As of April 2009, Italian artists have filled the cracks, replaced broken plaster, removed graffiti and restored some of the paint's blackness.
[2] As can be seen from the photograph taken in the sixties, while the mural was still largely intact, it originally depicted Brill's memories of home, as well as the horrors of war.
From left to right images of a boxer overlay a newspaper, beneath which money and piles of skulls, are followed by grasping hands reaching up to repeated and overlaid images of apparently naked women, whose facial features change subtely.
The image continues to unfold, on the other side of what appears to be a curtain separating the two sides of the mural, with pages of music, a grand piano and a table laid for a sumptuous meal (many knives and forks), under which are fitted a number of books, which according to Lydia Pappas[3] represent the works of Charles Dickens From left to right: A Tale of Two Cities; Barnaby Rudge; David Copperfield; The Old Curiosity Shop and The Pickwick Papers.
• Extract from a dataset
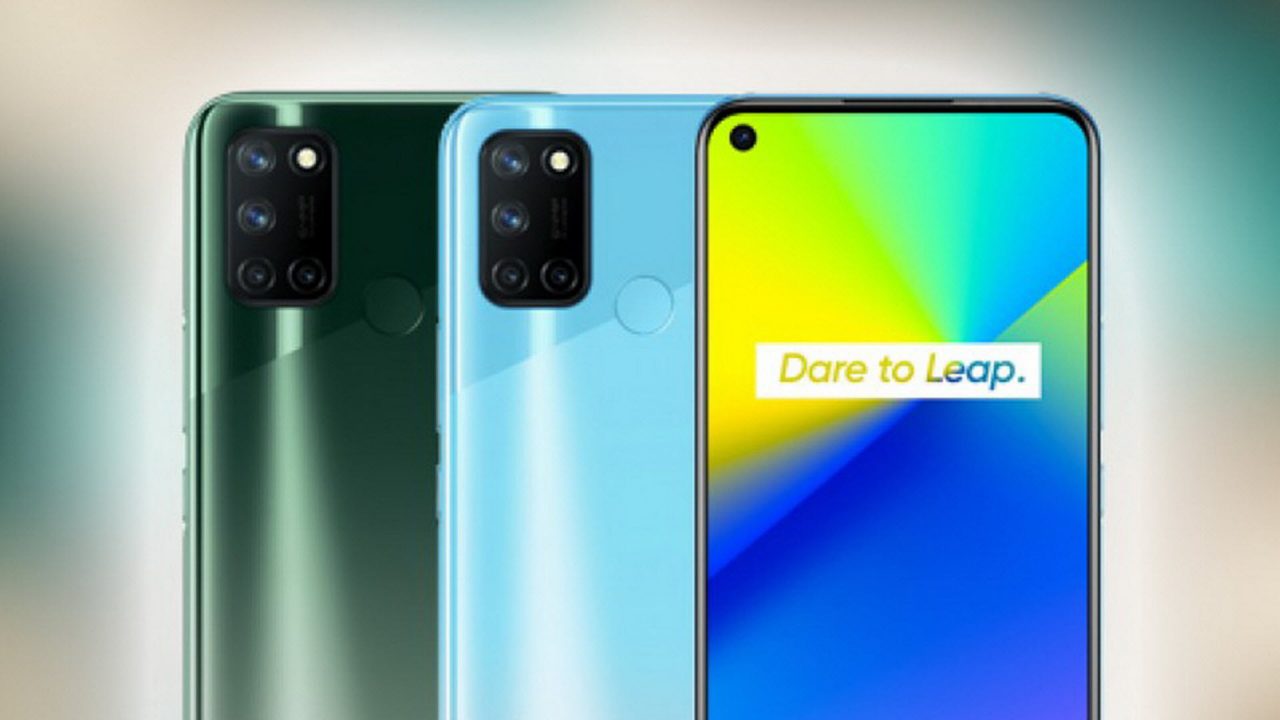 Realme 7i: Έρχεται σύντομα με διπλό φινίρισμα, όμορφη σχεδίαση και αναμενόμενα χαμηλή τιμή!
The image flows on to a conductor with more music, followed by a number of men's faces watching three ballet dancers, who are dancing on a floor of musical notes, the mural ends with the image of a face looking out of a window high up in a brick wall at the top right hand corner of the mural, which has variously been suggested to be the artist himself, or a relative back in "blighty" awaiting his return.